Controversial Smith at center of annual Mormon conference

Associated Press/September 30, 2005
By Jennifer Dobner

Salt Lake City -- In his essay, "The Prophet Puzzle Revisited," author and historian Dan Vogel calls Joseph Smith, the founder of The Church of Jesus Christ of Latter-day Saints, complex and gifted.

He also says Smith was a "pious fraud," who knowingly duped followers into believing that God and angels spoke to him in visions, directing the formation of the church in 1830.

"I have no judgment as a historian upon what he did.
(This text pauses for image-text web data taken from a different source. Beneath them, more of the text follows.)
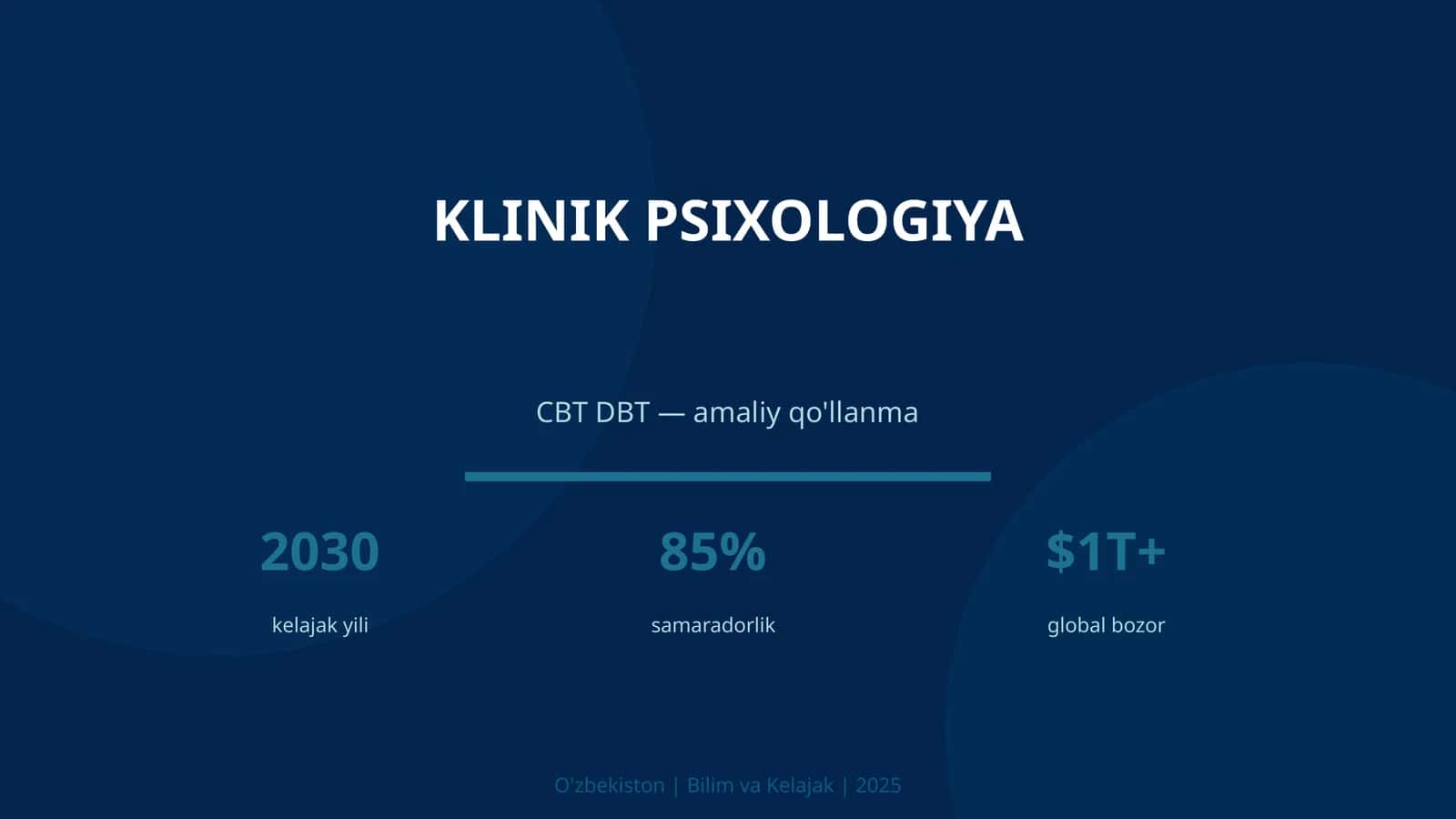 KLINIK PSIXOLOGIYA CBT DBT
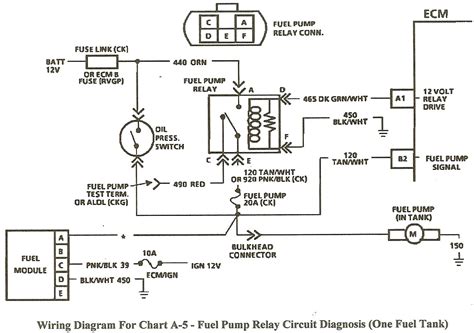 1997 Cherokee Fuel Pump Wiring Diagram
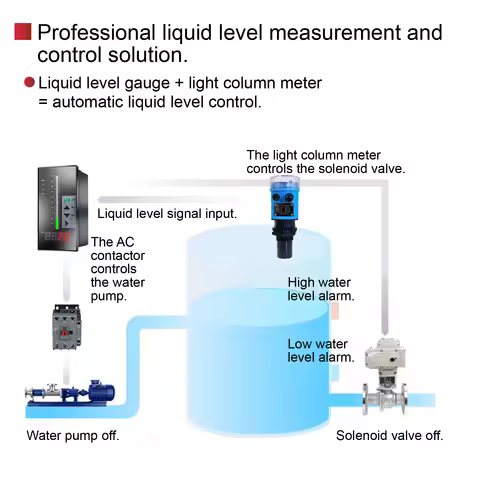 Ultrasonic Water Level Sensor RS485 Liquid Level Meter 0-10m Tank Wastewater Level Gauge Digital Dis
What I like to talk about is what he thought he was doing," Vogel said in a telephone interview from his home in Westerville, Ohio. "And he thought he was doing a good work."

That work included writing the Book of Mormon, the faith's foundational text. Woven into its stories of battles between good and evil is the message that the Saints -- as Mormons are often called here -- should obey God's commandments and believe in Jesus Christ.

"Even if (the Book of Mormon) is not history, for Joseph Smith it's still inspired because it does those two things," said Vogel, a sixth generation Mormon who left the church about 30 years ago.

Mormons revere Smith as a true prophet, who through revelation restored God's true church to the earth. His life and work promise to be a central theme of the church's 175th semiannual conference here this weekend.

The two-day event will draw more than 100,000 to Salt Lake City, while millions more will observe the proceedings in more than 130 countries and 80 languages via television, satellite and radio broadcasts. The conference comes shortly before the 200th anniversary of Smith's birth on Dec. 23.

Whether prophet or fraud, that so many still focus on Smith's words and work is proof of the impact he has had on American religion.

When Smith was shot and killed -- believers say martyred -- in June 1844, the church had about 26,000 members. Today, there are more than 12 million Mormons around the world.

"He's significant because of the current believers," Vogel said, adding that many 19th century sects split from mainline Protestantism, only to fail. "If they didn't believe in him, he'd be irrelevant."

Mike Ash, is a self-described believing Latter-day Saint, who studies Mormon history and writes for FAIR, the Foundation for Apologetic Information and Research, which defends Mormon theology. He believes Smith endures because the church's core values and principles are grounded in truth.

"I've conversed with nonmembers and ex-members who still think that the (Mormon) church has good values," said Ash. "There's appreciation for that even if you don't accept Joseph Smith or Mormon theology."

But some critics dispute the idea that Smith's teachings have endured.

In the 14 years that Smith headed the church, its practices and philosophies changed frequently. And subsequent leaders, from Brigham Young to current President Gordon B. Hinckley have continued to shift the institution, said Sandra Tanner, a former Mormon who with her husband, Jerald, owns the Utah Lighthouse Ministry bookstore in Salt Lake City.

"I see them trying to downplay his teaching," said Tanner, whose own study and writings seek to debunk Mormon myths.

As evidence, Tanner cites a list of steps the church has taken away from Smith -- changes to sacred temple practices, the ordination of black men as priests, and the disavowal of plural marriage.

She also believes the church minimizes some aspects of Smith's theology -- for example, his ideas that God was once a human and that man himself can progress to become a god -- because they differ so much from mainline Christian ideals.

Susan Easton Black, a professor of religion at the church-owned Brigham Young University in Provo, Utah dismisses the criticism. Smith's later teachings represent his "deep conviction and deeper understanding," and an evolution of his theology, Black said. "The message is the same."

It's true that all religions and their leaders evolve, Salt Lake Theological Seminary associates professor Ron Huggins says.

"But the (Mormon) church is more prone to move away from Joseph Smith's teaching because it was so fluid in his life," Huggins said.

Black and Ash say Mormons expect change from their church, which believes in living prophets who continue to receive revelations from God.

"There wouldn't be a need for a prophet if you didn't expect that some things are going to change," Ash said. "I don't think Joseph received all the doctrine at once. He had to kind of assimilate that and synthesize that."

Nor does history hold Smith up as perfect.

"Joseph Smith has his weaknesses, as every man does," Ash said. "Through his journals, I consistently see he really believed in what he was doing and that he was very concerned for his fellow man."

Vogel believes Smith may have had genuine concern for others, but quickly adds that Smith knew how to take advantage of others.

"He exaggerated, enhanced and bent the truth to satisfy the need of his followers," Vogel said. "They call it spin nowadays."

Despite his beliefs, Vogel says he "can't answer whether (Smith) was a real prophet or not." But he and Ash agree that Smith is worthy of study and discussion, even if no definitive answers can be found.

"The past is gone and what the texts mean is not always clear," Vogel said. "They don't always provide answers. Sometimes it boils down to who has the best argument."